10Dans la continuité du cadrage d’ouverture sur le judas et alors que la grand-mère se retourne, un panoramique horizontal l’accompagne jusqu’à la salle d’attente voisine. Arrivent alors les belles sœurs qui s’introduisent dans le cercle que dessine habilement ce mouvement d’appareil. N’osant leur avouer la nouvelle, la grand-mère s’éclipse et s’engage dans un escalier en colimaçon alors que l’on entend en hors-champ les deux jeunes femmes qui apprennent la nouvelle. Comme elle descend, la grand-mère rencontre une de ses filles qui arrive un bouquet de fleurs à la main. Elle lui apprend la nouvelle et l’enjoint de courir prévenir ses oncles. La jeune femme abandonne le bouquet de fleurs à sa mère et fait aussitôt demi-tour. La caméra, toujours en plan rapproché, la suit alors dans ces escaliers dont la circularité s’accentue à mesure que l’on descend, préfigurant en quelque sorte la construction du film en boucle. Arrivée au rez-de-chaussée, la jeune femme laisse le hall d’entrée sur sa droite et s’élance, encore talonnée par la caméra, dans le couloir qui conduit à l’extérieur et dont la profondeur brise définitivement la circularité et du mouvement inaugural et du décor précédent. Avisant, près d’une cabine téléphonique, trois jeunes femmes dont les costumes gris bleu indiquent qu’elles sortent de prison, la jeune femme s’avance pour leur demander de la monnaie, sans succès. Comme elle sort du champ à droite, la caméra ne la suit pas et reste sur les trois jeunes femmes dont nous suivrons l’infortune jusqu’à ce que Narghess, la plus jeune d’entre elles, cède sa place à Pari, nouveau personnage féminin auquel le récit emboîtera alors le pas. Et ainsi de suite, de femme en femme, en un escalier d’intrigues jusqu’à la séquence finale dans la cellule de prison où nous conduit l’ultime et emblématique personnage que constitue, dans le contexte socio-politique du film, la prostituée.

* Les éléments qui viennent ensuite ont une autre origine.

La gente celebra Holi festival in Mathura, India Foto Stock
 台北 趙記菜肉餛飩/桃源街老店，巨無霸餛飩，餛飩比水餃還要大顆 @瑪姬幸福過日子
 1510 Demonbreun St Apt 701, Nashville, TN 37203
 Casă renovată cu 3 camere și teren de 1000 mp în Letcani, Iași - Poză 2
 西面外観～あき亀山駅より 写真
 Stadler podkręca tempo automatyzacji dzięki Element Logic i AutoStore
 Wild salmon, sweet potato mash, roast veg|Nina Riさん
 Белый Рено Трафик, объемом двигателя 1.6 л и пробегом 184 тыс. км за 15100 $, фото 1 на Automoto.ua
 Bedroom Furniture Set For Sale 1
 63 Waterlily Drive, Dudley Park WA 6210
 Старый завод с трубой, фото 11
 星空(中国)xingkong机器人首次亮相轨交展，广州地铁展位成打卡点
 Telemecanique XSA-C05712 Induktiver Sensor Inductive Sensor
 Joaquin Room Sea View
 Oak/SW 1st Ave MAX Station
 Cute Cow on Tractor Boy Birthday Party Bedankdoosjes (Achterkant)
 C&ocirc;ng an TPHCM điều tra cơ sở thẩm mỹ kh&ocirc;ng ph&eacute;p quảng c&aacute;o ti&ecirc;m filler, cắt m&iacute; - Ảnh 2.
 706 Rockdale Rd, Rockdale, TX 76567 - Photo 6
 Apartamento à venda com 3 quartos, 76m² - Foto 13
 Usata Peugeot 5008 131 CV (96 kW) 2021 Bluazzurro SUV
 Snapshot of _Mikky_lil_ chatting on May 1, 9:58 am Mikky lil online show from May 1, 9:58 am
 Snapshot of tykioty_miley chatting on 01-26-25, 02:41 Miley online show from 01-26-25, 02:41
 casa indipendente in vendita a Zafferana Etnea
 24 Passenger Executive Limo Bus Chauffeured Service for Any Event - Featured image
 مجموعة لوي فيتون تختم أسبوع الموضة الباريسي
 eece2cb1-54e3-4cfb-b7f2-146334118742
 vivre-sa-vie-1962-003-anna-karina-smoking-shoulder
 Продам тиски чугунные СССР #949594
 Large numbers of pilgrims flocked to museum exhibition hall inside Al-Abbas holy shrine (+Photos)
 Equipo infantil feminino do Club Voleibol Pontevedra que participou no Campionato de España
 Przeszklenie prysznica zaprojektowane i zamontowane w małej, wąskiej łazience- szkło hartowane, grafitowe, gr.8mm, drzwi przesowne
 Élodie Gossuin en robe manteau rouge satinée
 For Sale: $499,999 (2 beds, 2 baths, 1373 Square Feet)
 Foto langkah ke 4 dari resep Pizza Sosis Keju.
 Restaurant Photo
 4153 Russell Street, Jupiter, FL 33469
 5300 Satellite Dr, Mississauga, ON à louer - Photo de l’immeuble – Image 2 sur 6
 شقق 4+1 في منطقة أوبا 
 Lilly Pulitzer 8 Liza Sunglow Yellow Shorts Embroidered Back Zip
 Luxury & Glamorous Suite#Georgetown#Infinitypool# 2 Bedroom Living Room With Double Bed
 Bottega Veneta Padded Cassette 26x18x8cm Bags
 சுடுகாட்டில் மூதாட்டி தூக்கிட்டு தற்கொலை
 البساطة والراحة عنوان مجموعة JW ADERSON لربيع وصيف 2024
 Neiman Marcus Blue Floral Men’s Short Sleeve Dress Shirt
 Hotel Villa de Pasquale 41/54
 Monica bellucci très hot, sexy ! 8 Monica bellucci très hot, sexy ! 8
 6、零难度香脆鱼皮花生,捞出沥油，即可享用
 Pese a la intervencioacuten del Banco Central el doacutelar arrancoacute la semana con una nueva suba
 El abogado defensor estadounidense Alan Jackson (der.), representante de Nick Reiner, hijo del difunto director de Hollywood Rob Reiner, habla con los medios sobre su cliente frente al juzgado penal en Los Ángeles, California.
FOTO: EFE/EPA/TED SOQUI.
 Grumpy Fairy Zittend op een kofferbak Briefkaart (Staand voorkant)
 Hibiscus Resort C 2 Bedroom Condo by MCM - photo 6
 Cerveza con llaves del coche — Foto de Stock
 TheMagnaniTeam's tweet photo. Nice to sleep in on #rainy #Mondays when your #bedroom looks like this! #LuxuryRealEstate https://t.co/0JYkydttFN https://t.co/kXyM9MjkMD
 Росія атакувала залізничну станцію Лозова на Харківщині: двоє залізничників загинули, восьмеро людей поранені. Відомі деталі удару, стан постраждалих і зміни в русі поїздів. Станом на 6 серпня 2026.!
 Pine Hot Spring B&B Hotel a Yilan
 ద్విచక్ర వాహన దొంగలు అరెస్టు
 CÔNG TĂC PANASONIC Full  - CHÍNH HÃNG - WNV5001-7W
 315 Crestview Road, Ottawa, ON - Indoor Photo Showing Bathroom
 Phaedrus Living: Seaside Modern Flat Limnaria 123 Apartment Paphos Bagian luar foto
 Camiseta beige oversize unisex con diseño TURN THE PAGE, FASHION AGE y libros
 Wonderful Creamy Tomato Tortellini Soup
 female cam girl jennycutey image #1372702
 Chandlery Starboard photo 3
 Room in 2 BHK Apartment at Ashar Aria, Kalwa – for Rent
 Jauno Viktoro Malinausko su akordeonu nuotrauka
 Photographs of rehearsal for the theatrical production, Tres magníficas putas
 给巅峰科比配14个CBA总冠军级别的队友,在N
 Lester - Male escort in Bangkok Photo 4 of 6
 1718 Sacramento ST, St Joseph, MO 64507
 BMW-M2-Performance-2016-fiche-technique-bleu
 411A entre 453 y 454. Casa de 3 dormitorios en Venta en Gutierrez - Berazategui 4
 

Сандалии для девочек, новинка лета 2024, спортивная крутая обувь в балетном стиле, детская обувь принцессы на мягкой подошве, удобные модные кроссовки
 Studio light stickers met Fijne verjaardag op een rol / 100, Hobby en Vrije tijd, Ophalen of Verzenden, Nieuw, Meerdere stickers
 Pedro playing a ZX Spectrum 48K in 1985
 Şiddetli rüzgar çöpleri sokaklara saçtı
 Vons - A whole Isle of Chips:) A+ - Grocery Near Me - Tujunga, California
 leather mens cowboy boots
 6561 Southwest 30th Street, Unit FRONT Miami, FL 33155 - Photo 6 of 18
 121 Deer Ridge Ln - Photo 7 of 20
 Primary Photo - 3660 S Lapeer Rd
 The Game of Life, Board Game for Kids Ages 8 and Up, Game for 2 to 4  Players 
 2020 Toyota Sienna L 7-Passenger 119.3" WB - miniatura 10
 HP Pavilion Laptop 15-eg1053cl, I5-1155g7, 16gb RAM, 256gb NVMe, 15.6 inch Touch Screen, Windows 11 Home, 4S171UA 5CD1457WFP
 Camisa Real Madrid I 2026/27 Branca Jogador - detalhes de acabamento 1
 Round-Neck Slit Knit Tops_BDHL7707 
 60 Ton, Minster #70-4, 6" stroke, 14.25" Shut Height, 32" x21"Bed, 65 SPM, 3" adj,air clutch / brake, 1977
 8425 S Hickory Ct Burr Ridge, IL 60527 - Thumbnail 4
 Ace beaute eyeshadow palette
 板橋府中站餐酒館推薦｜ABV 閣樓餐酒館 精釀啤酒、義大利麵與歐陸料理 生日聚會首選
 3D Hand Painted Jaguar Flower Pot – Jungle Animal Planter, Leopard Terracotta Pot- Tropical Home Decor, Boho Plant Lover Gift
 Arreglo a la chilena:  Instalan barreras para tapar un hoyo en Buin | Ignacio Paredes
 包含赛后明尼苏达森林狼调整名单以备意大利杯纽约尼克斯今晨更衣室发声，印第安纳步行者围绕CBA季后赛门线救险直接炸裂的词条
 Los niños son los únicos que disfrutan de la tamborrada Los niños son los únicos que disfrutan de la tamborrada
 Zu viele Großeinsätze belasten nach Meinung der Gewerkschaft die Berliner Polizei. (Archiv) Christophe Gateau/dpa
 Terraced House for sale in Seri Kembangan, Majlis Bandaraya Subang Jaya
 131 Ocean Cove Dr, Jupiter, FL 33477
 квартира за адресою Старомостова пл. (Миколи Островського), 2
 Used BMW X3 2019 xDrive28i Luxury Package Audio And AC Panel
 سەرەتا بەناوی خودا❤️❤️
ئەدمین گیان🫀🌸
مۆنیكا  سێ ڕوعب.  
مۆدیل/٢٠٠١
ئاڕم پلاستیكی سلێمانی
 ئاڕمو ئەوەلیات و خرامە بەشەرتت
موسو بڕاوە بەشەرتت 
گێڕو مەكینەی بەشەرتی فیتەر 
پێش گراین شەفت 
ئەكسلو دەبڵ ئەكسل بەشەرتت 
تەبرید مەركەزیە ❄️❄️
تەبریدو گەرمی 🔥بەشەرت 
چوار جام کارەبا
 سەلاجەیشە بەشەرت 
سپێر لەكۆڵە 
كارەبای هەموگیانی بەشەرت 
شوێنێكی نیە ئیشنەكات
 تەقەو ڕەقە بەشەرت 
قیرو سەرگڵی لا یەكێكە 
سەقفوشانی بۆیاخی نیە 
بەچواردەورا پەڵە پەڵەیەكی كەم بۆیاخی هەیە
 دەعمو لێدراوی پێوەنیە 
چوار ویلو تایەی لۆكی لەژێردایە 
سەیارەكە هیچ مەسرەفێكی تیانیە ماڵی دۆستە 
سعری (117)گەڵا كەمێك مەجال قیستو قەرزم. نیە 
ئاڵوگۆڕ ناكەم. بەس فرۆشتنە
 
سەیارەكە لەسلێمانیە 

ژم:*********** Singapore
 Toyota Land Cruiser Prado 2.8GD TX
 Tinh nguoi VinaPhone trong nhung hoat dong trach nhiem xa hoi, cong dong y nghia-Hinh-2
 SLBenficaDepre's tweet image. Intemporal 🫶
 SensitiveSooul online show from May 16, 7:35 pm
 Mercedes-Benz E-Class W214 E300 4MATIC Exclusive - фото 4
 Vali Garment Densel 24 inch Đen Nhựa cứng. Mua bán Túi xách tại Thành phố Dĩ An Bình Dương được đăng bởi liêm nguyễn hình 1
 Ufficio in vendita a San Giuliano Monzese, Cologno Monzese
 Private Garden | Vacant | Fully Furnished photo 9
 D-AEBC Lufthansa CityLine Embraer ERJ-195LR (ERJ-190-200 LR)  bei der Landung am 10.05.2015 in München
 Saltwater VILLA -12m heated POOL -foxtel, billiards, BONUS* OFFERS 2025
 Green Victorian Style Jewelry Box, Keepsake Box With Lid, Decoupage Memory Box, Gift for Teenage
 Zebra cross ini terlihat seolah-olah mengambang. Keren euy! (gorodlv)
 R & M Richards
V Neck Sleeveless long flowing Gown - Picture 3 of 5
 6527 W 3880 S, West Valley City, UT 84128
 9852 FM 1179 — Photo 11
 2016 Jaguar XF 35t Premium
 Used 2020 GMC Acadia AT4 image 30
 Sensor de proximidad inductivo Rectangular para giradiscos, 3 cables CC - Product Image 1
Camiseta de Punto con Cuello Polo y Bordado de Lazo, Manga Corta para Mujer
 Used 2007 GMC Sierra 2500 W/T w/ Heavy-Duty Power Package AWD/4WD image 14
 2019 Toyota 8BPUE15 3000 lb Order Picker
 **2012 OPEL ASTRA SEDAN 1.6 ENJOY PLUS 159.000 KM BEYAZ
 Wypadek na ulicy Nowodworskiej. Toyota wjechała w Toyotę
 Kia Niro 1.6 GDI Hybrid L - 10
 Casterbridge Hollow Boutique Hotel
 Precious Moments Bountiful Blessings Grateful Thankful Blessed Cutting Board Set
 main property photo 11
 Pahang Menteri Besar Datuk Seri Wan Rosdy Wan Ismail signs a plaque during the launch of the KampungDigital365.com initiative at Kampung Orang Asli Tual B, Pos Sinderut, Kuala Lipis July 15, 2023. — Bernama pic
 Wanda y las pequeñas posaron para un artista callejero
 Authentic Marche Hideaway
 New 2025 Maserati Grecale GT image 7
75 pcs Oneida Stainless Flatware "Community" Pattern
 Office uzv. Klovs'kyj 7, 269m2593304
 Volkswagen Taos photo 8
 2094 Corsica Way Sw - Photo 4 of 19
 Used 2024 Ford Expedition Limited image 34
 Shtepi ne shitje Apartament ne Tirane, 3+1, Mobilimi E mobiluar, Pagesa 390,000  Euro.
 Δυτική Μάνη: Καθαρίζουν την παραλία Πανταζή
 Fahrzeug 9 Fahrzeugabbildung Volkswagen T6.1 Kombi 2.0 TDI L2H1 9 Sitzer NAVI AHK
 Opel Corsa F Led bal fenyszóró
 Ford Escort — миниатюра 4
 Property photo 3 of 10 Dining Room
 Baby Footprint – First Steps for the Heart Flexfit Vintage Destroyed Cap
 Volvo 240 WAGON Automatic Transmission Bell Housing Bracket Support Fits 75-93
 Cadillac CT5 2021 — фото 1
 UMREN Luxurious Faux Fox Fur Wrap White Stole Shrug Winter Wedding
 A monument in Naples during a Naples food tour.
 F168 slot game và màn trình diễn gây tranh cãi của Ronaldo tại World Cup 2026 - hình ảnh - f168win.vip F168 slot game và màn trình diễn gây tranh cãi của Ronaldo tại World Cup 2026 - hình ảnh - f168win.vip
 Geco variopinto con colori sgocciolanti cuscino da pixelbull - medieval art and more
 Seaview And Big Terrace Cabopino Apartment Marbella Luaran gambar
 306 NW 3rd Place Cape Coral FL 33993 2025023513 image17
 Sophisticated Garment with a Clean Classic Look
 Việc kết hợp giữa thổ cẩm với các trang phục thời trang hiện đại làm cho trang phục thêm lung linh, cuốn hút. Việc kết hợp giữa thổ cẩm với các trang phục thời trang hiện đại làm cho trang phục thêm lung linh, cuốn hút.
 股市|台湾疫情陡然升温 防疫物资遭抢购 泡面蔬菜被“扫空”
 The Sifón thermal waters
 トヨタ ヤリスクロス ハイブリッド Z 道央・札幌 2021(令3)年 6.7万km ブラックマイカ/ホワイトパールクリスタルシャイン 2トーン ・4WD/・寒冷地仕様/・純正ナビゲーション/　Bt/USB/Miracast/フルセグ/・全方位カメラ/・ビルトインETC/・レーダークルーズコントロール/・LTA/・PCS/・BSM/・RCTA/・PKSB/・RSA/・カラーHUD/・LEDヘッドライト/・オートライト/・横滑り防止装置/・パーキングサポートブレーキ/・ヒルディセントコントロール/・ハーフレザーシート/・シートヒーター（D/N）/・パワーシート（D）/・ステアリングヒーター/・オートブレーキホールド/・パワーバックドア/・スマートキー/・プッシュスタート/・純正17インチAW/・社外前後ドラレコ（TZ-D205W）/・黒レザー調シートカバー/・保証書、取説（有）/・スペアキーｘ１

11C’est en tout plus d’une dizaine de personnages féminins, pour la plupart traqués, en fuite, que le film s’attachera ainsi à suivre dans les rues de Téhéran du jour jusqu’à la nuit à la manière d’un « fondu enchaîné sur le visage d’une même femme à plusieurs âges de sa vie »15, confierait de façon très imagée le cinéaste. Cette structure narrative assez dynamique qui entraîne le récit sur le mode téléologique, apparaît comme une réponse évidente à la figure obsédante du cercle dont le film offre par ailleurs une matérialisation visuelle suggérant, là encore, l’enfermement physique et psychique des personnages. Outre les mouvements d’appareil circulaires des plans-séquences d’ouverture et de fermeture, notons les décors choisis que constitue par exemple l’architecture orbiculaire du bazar (Fig. 4) où Narghess attend son amie Arezoo (dont le film laisse d’ailleurs suggérer qu’elle est peut-être allée se vendre pour payer le billet d’autocar qui doit les ramener au village natal). De même, le hall circulaire de la gare routière (Fig. 5) d’où, terrorisée, Narghess, encore, observera la police qui vérifie les papiers des passagers de l’autocar qu’elle ne prendra jamais.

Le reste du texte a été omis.